When the Traditional 5-C's of Credit Aren't Enough

If you have been attempting to secure credit for your farming operation in recent months – you likely have found bankers to be very cautious. You likely have heard the bankers indicate how carefully the government bank examiners are scrutinizing there loans and portfolios. Where were those bean counters when Freddie Mac and Fannie Mae gave out money more freely than an inebriated sailor?

Financing has really changed from the mid 1990's when the dairy industry was going through a major retooling. During the 1990's a business plan could be put together for a dairy and if the operators met the "Five-C's of Credit" the plan had a strong likelihood of being approved. Today, the Five-C's are more rigorously scrutinized than ever.

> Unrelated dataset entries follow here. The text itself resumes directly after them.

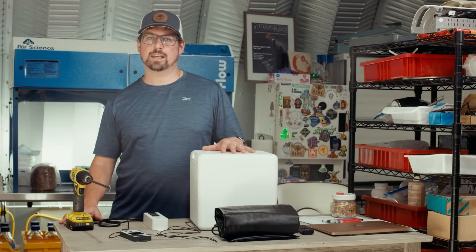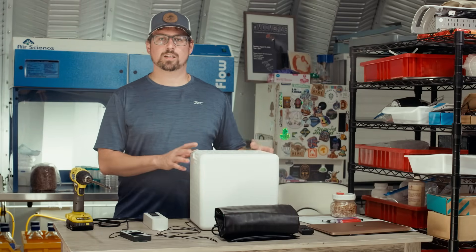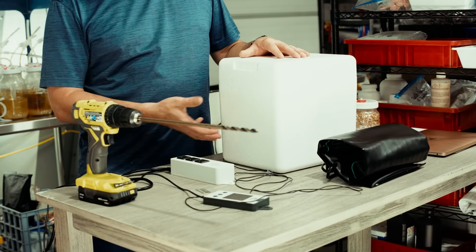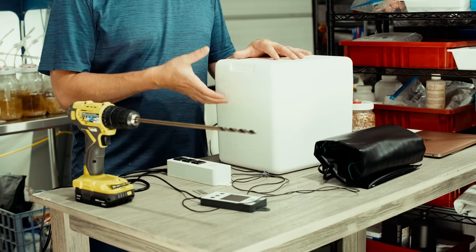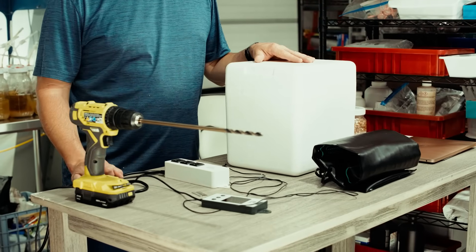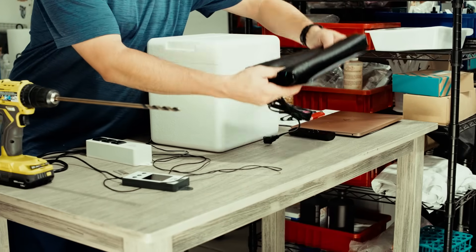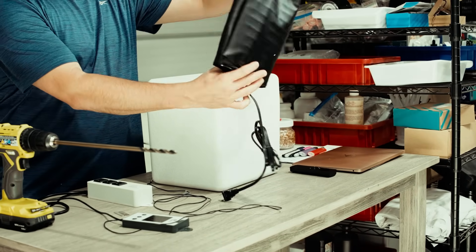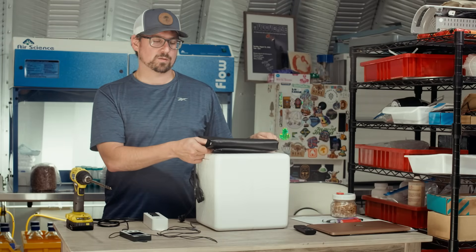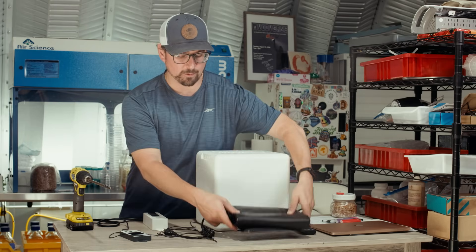The materials you need to make a DIY incubator are a cooler — you can use a number of different sizes. This one fits a couple stacks of petri dishes perfectly, so it's great for transport and makes a nice incubator. The next thing you need is a heating mat. This is a plant starter mat, which is a little overkill, but anything efficient that fits inside is ideal. You can also use reptile heating pads or little heating rocks.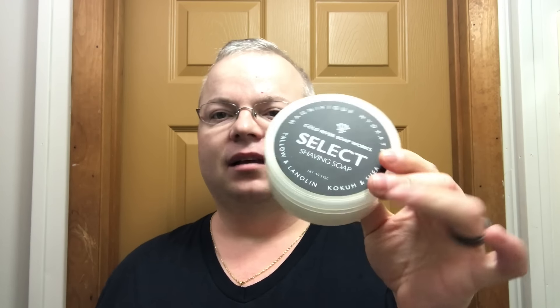Excellent, excellent packaging. For my money, this is the best packaging in the business for an artisan soap. It's elegant, it is wonderful, it's not cluttered. I love it. I think it's fantastic.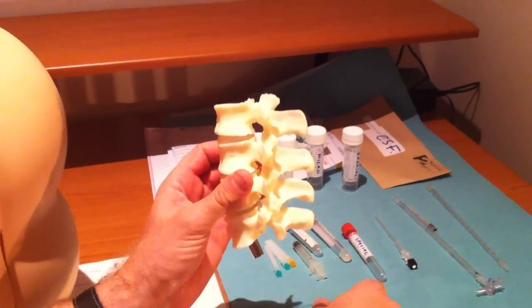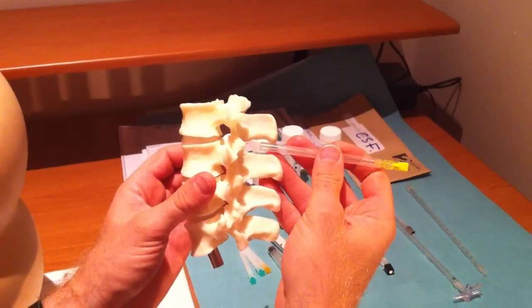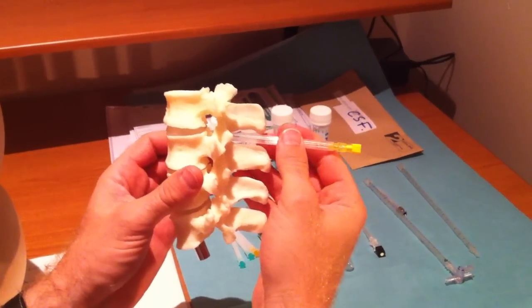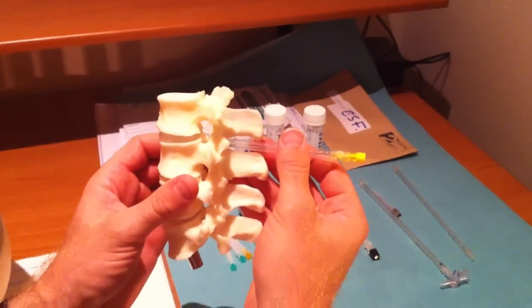If you know that anatomy and you're in between the spinous processes with no bony resistance, you basically just keep pushing the needle in with confidence until it's about two thirds of the way in, and at some point you should get CSF.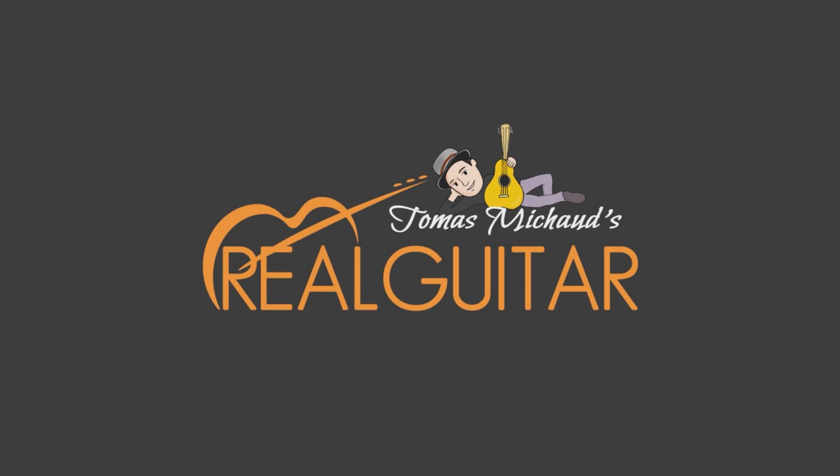Hey, are you having a hard time with A-shaped bar chords? You're in the right place. I'm going to show you some solutions to the issues and give you some options that you may not know are available. Let's do this.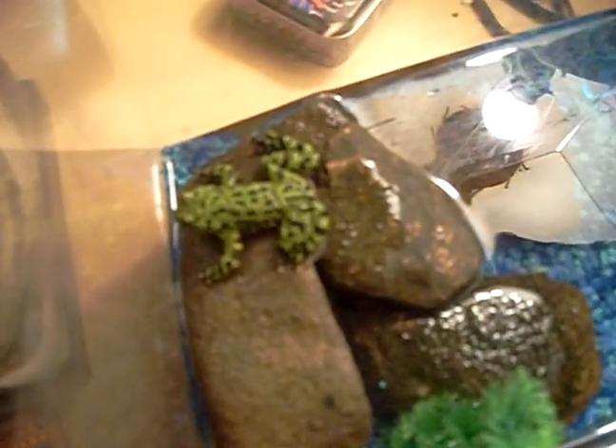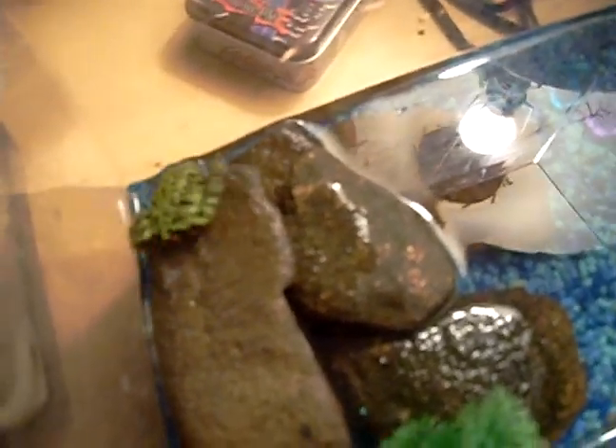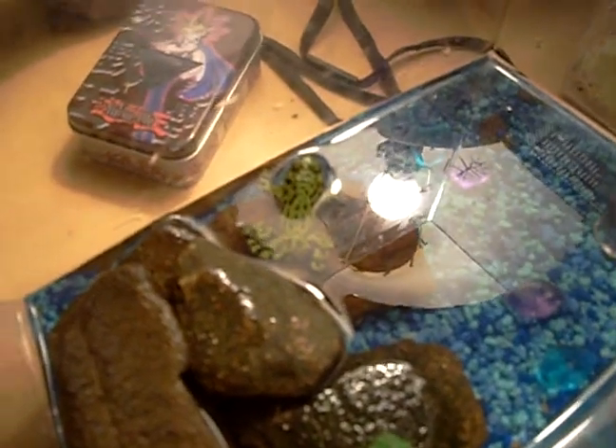Whoa! Did you see that? Yeah, that was really awesome! That was the second cricket I fed him today, so that was really cool.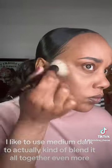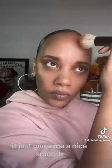Now I'm going in with the same product, but I'm using medium dark. I like to use medium dark to actually kind of blend it all together even more. It gives me a nice, smooth, kind of harmonious finish.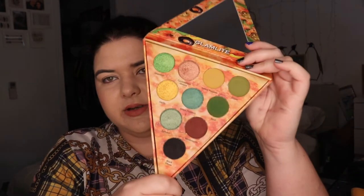Hello! Welcome! My name is Pru or Pru LaRue, and today I thought it'd be fun to play with the Glamlite Pizzeria Slice in Veggie Lovers. I do have the Meat Lovers one as well, but I just love the color story in this one.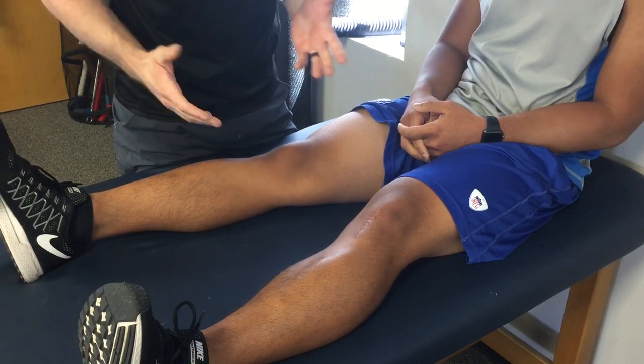So there you go — that is the grind test to see if you have compressive syndrome, which is a type of patellofemoral pain. If you do have this, that will affect the type of treatment plan that we use to solve the problem. Thanks guys.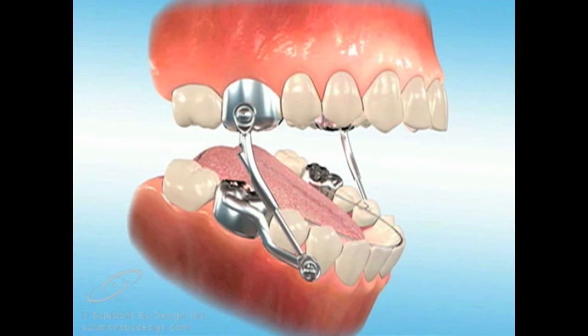If a crown becomes loose, if a rod bends, or if any part of the appliance breaks, call our office right away. Be sure to save any parts that fall out. These types of problems require immediate attention.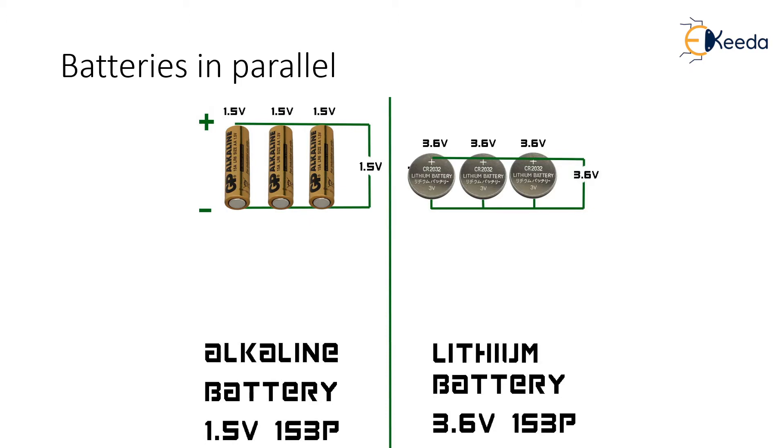Batteries that are wired in parallel will result in added amperage. For example, when you jumpstart a normal 12-volt car battery, you are really putting them in parallel, thus adding more amperage to the circuit. This is especially useful for long-distance drone flights.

Not only is the character of the owner(s) important but the reputation of the business is also important. Does the community have a positive perception of the business and the employees that work for the company? Does the agricultural business use currently approved production practices and modern technology? What kind of environmental track record does the operation have? Have they been a good neighbor?

Capacity refers to the business's ability to meet its obligations, remain viable over time and simply make money.

Commitment is a given. Does the key person(s) in the operation have a history of overcoming challenges? I just spoke with a producer struggling to remain positive through the challenges of this wet spring. Larger operations have a distinct advantage in respect to the day-to-day struggles of operating a farm because the emotional struggles can be shared by the staff. Farms that have made it through hardships and made financial progress over the long haul are attractive to lenders.

Collateral is the fourth of the 5 C's of Credit. Collateral has to do entirely with the strength of the balance sheet. Are the assets fairly valued or are they inflated to make the balance sheet look more positive? During much of the late 90's and early 2000's, many dairy farm balance sheets were upside down. That is, the lenders owned more of the farm than did the farm. This was due to the fact that for a dairy to modernize, it took a lot of new capital. Once the dairy had retooled it's self for the future, the debt was paid down and the balance sheet recovered. When it comes right down to the nitty-gritty, can the lender get out from under the collapsed business without losing money? Most, if not all ag lenders, want to avoid a foreclosure like the plague.

Lastly, the conditions of the loan are addressed in the business plan. Conditions generally include markets, consumer trends, economic predictions and environmental considerations. We all know how global our economy has become. Farming has historically been an industry based on the production of commodities. Increasingly, more agriculture producers are vertically integrating by entering into the processing and marketing of their products to wholesalers or directly to the consumer. This takes a great deal of market research to meet the condition requirement of the loan proposal.

Most producers will not pursue direct marketing of their products but lenders are requiring prospective borrowers to come prepared with multi-year monthly cash flow projections complete with a sensitivity analysis designed with a range of product prices and cost projections. Most experienced agriculture lenders now require a marketing plan using risk management tools as a part of the cash flow projections.

In these tough financial times, the 5-C's of credit remain important but they may not be enough. When the banker rejects a strong proposal the borrower must receive honest feedback. What are the specific reasons for the rejection? Are the objections fact or does the bank lack capacity to make the loan? Is the lender technically up to date to properly evaluate the loan request? Agricultural lending has become so involved that many banks have made the decision to withdraw from the market but are reluctant to express this to prospective borrowers.

Work hard on strengthening the 5-C's of your farming business, find an agricultural lending partner that is knowledgeable regarding modern agriculture and be on top of your financial game at all times.